**Data extract:**
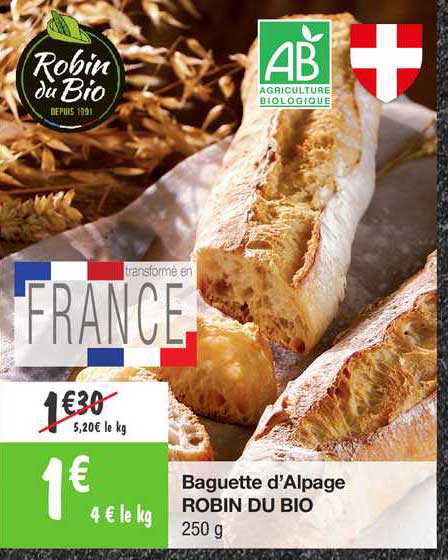 Baguette D'alpage Robin Du Bio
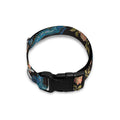 Chinese Dragon And Flower Pattern Print Dog Collar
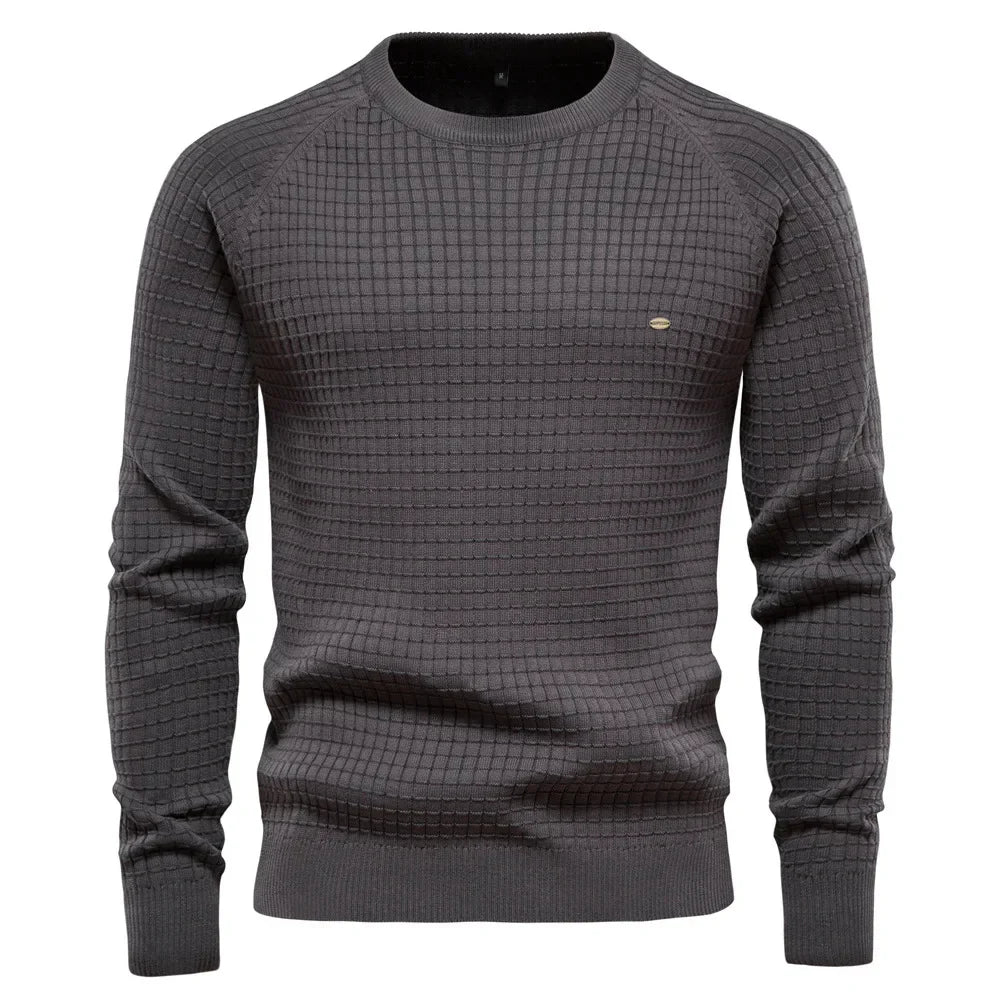 Pull homme élégant et chaud, coupe longue. Idéal pour un hiver stylé et confortable. Mode masculine.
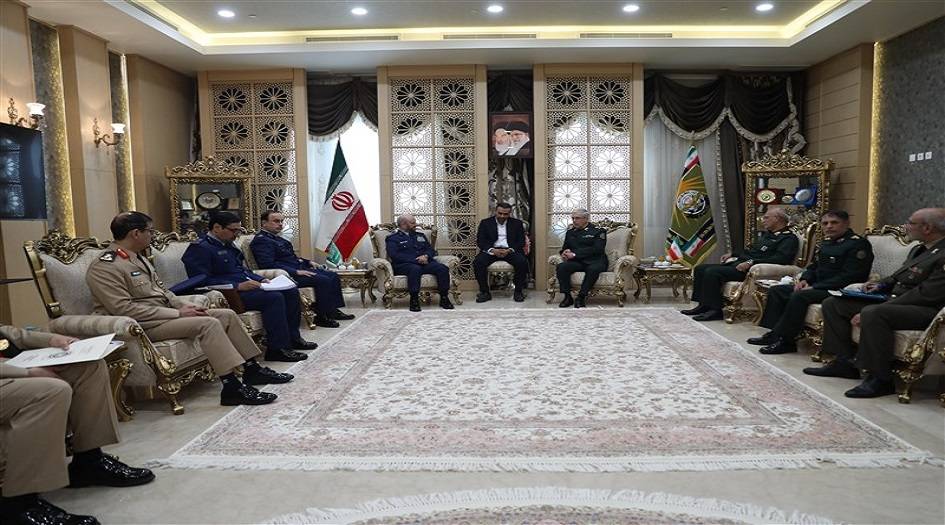 اللواء باقري يستقبل نظيره السعودي الفريق الأول فياض بن حامد الرويلي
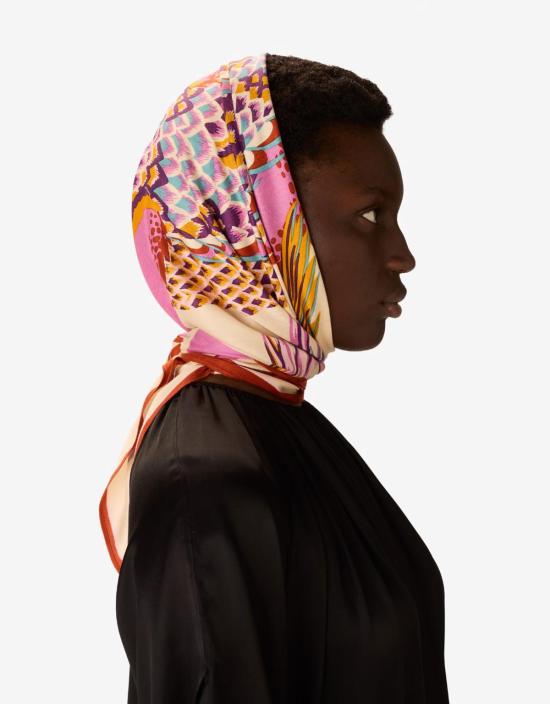  이누이투시 머플러/스카프 이누이투쉬 스퀘어 100 크로커다일 스카프 - INOUITOOSH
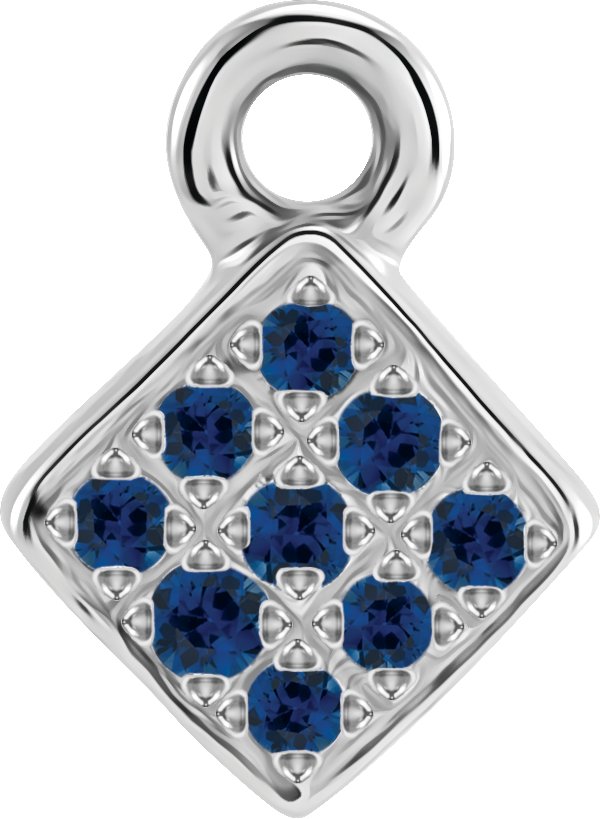 Petite Pavé® Cluster Dangle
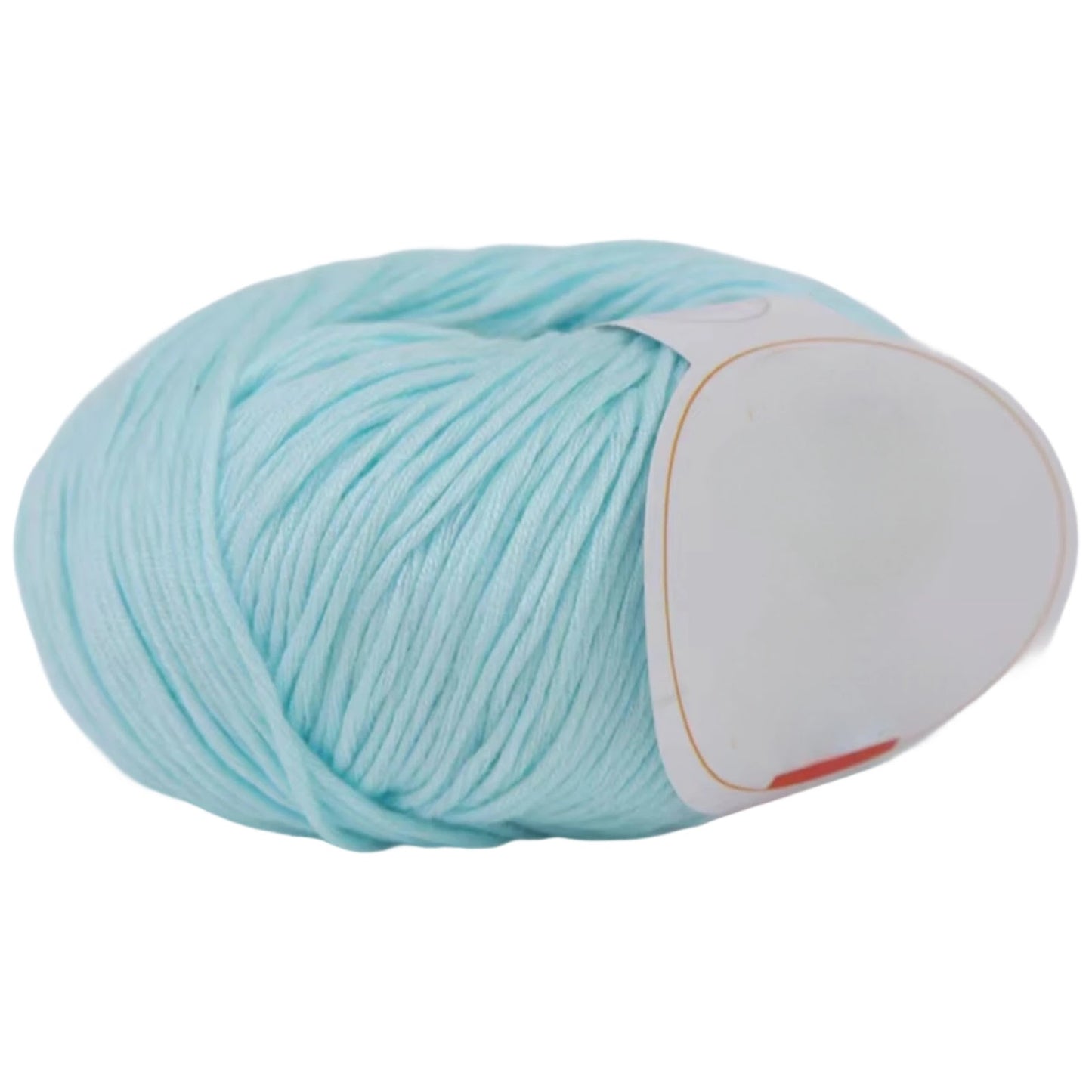Pure Cotton Yarn 10 Strand Medium 3.5mm for Baby Crochet and Children Craft Projects, 50 Grams/1.76oz 153.11 Yards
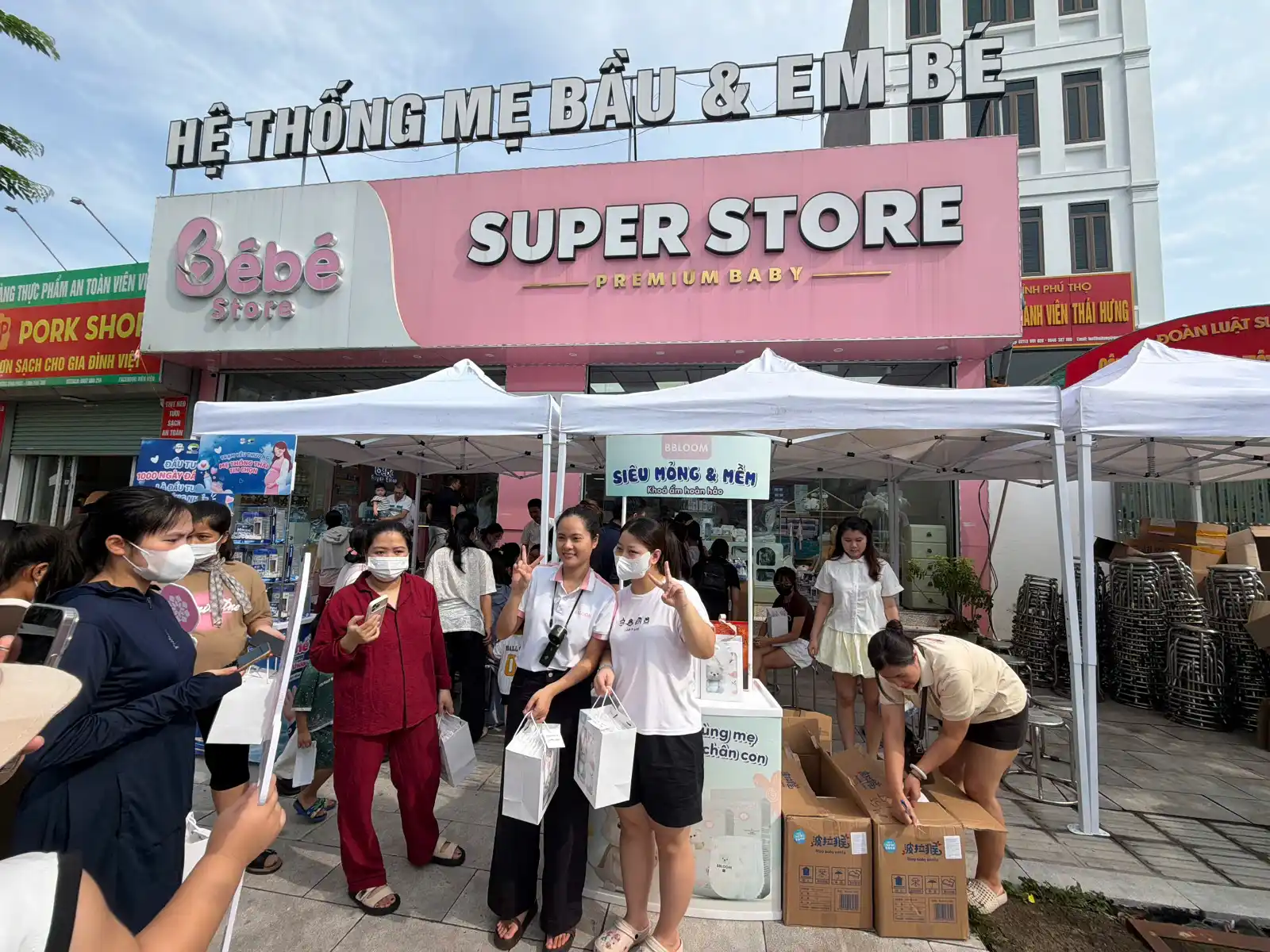 BBloom tại Bé Bé Store – Chính thức đồng hành cùng mẹ và bé Vĩnh Phúc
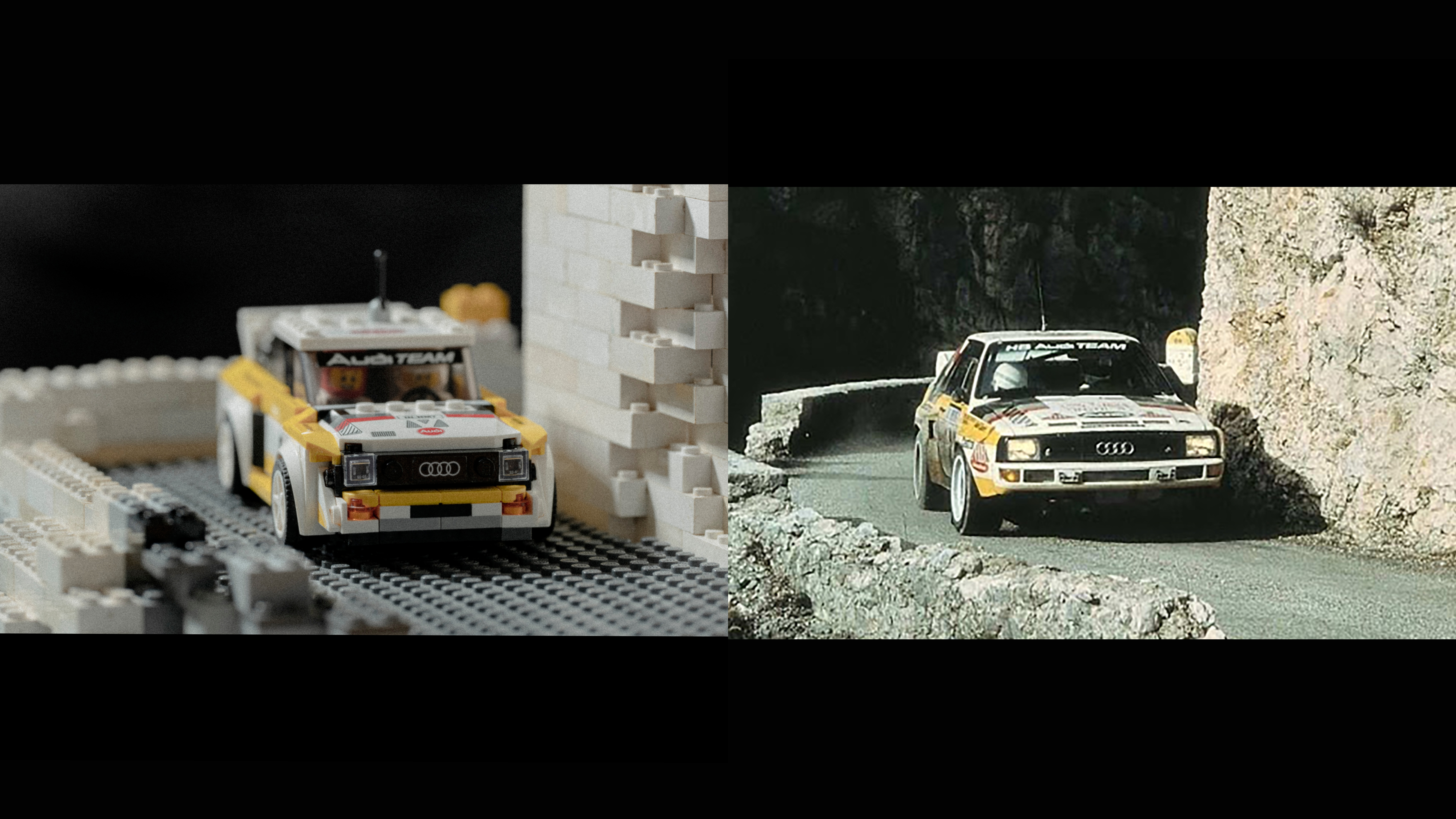 Quarantine Quattro iconic Audi rally scenes recreated in Lego evo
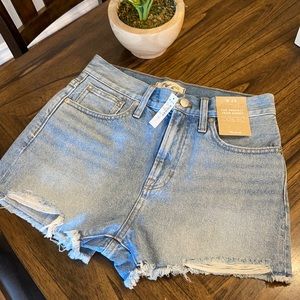 BNWT Madewell The Perfect Jean Short in Hedrick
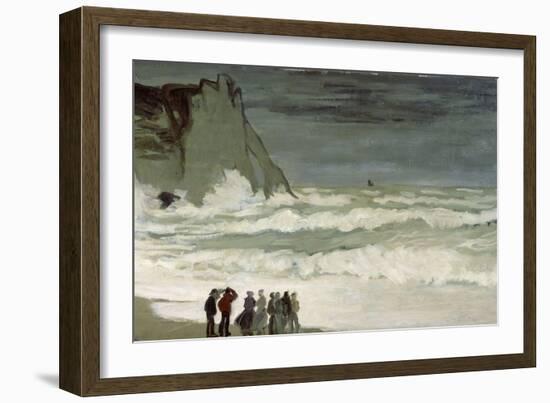 Grosse Mer À Etretat, Heavy Seas at Etretat, France, 1872-Claude Monet-Framed Giclee Print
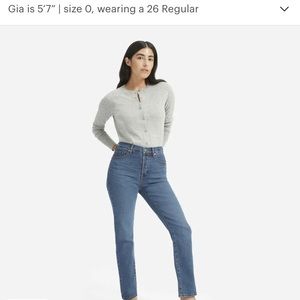 Everlane Cigarette Jeans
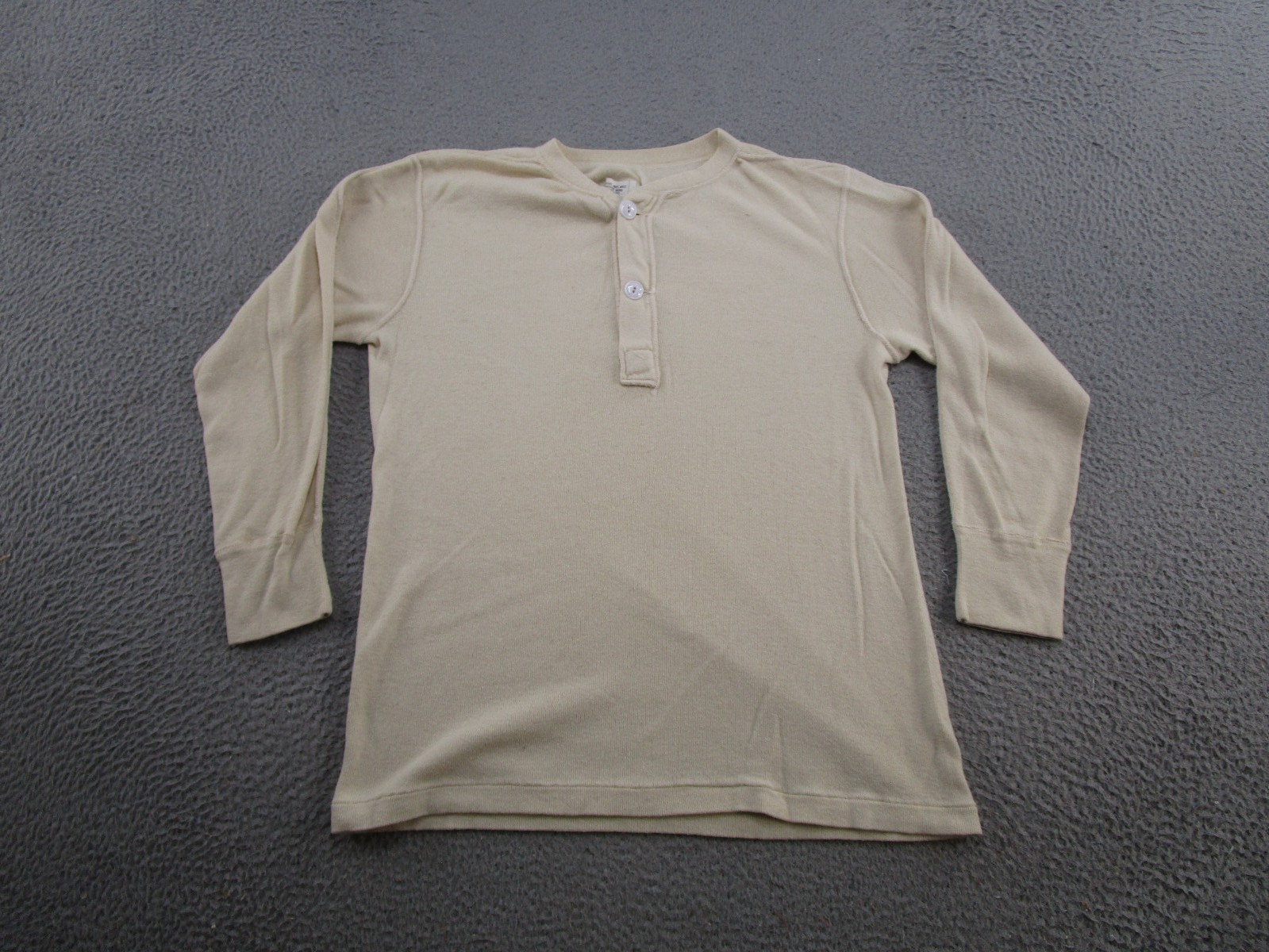 Vintage Military Shirt Henley Cold Weather Type 1 Wool Blend Undershirt Size M gallery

**Task goal:** No pictures belong in the output. Restate word for word only the lines from the one containing "BNWT Madewell The" to the end of the entries above.

**Answer area:**
 BNWT Madewell The Perfect Jean Short in Hedrick
 Grosse Mer À Etretat, Heavy Seas at Etretat, France, 1872-Claude Monet-Framed Giclee Print
 Everlane Cigarette Jeans
 Vintage Military Shirt Henley Cold Weather Type 1 Wool Blend Undershirt Size M gallery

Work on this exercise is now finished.